20. Quality Time

48K 4.2K 110
                                    

Happy reading!

"Ada apa?"

Kening Alissa mengerut kala mendengar pertanyaan dari suaminya itu. "Hah? Kamu nanya siapa?"

"Kamu." Alanzio menolehkan kepalanya ke arah Alissa yang tengah duduk di sebelahnya saat ini, wajah gadis itu tampak sangat bingung sekarang. "Kenapa ngelamun terus?"

"Mana ada aku ngelamun, orang aku dari tadi nonton kok," sanggah Alissa cepat.

Ia menolehkan kepalanya ke arah lain, mengindari tatapan Alanzio yang mungkin bisa membuatnya goyah dalam berbohong. Ia akui, sejak tadi memang dia terus saja melamun, memikirkan ucapan Sia siang tadi.

Kepala Alissa rasanya benar-benar berat memikirkan semua itu, belum lagi kedatangan Aiden yang menambah beban pikirannya.

"Jangan kebanyakan melamun, mending belajar. Udah kelas dua belas juga," nasihat Alanzio.

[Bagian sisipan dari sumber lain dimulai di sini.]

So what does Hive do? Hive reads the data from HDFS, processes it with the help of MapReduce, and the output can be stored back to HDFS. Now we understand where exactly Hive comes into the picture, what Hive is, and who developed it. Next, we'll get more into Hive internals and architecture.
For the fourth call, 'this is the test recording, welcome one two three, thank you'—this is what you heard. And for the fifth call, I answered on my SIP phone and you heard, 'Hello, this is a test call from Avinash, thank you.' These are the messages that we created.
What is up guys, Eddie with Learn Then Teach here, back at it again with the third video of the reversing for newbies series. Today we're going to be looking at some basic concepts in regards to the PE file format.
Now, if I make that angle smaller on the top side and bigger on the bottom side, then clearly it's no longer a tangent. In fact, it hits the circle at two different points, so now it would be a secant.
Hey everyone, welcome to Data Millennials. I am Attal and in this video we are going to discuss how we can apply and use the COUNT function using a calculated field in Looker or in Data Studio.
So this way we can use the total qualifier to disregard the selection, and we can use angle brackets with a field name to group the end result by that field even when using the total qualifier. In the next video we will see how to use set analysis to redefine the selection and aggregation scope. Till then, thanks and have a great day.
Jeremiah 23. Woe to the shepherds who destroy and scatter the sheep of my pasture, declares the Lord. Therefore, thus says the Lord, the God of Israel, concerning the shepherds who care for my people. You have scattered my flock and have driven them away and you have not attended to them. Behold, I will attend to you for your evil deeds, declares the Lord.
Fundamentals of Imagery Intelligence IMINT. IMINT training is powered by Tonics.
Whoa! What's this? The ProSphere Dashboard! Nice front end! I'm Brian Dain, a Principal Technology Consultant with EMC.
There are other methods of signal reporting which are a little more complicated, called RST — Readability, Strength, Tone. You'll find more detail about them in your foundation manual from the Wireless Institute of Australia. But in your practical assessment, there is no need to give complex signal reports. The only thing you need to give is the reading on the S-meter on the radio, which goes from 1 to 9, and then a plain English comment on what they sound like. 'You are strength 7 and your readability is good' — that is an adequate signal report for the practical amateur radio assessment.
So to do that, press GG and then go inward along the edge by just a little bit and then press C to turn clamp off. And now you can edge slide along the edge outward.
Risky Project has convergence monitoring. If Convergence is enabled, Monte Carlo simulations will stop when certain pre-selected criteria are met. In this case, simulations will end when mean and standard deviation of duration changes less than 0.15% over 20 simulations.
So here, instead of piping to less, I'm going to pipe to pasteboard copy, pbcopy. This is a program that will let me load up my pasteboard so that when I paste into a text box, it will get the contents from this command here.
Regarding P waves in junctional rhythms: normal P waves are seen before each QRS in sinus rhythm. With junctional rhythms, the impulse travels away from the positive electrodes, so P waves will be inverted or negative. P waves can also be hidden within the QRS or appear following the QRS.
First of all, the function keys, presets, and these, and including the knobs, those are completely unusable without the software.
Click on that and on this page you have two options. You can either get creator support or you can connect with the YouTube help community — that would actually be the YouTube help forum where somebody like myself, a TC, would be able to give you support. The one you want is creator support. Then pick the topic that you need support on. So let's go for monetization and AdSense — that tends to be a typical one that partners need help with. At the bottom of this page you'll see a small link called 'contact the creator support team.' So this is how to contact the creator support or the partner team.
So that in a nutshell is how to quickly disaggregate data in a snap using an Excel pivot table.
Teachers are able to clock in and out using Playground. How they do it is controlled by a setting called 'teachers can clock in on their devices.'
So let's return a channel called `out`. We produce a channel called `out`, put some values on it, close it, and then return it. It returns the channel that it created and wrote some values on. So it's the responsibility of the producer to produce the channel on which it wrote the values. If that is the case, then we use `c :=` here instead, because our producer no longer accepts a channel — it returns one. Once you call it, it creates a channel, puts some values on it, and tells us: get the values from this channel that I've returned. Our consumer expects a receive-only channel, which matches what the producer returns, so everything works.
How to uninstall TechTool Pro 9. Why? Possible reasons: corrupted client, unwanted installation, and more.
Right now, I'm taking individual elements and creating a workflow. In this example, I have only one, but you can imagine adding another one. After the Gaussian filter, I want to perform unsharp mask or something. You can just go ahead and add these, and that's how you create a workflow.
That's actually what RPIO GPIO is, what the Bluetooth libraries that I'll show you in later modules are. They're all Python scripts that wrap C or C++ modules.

Alissa sama sekali tak menjawab ucapan suaminya itu, ia memilih menyandarkan kepalanya di pundak suaminya. Awalnya Alanzio tersentak kecil, tetapi dengan cepat ia menormalkan kembali tubuhnya, membiarkan Alissa bersandar di sana.

"Udah tau mau lanjut ke mana?" tanya Alanzio dengan mata yang lurus menatap layar kaca di depan sana.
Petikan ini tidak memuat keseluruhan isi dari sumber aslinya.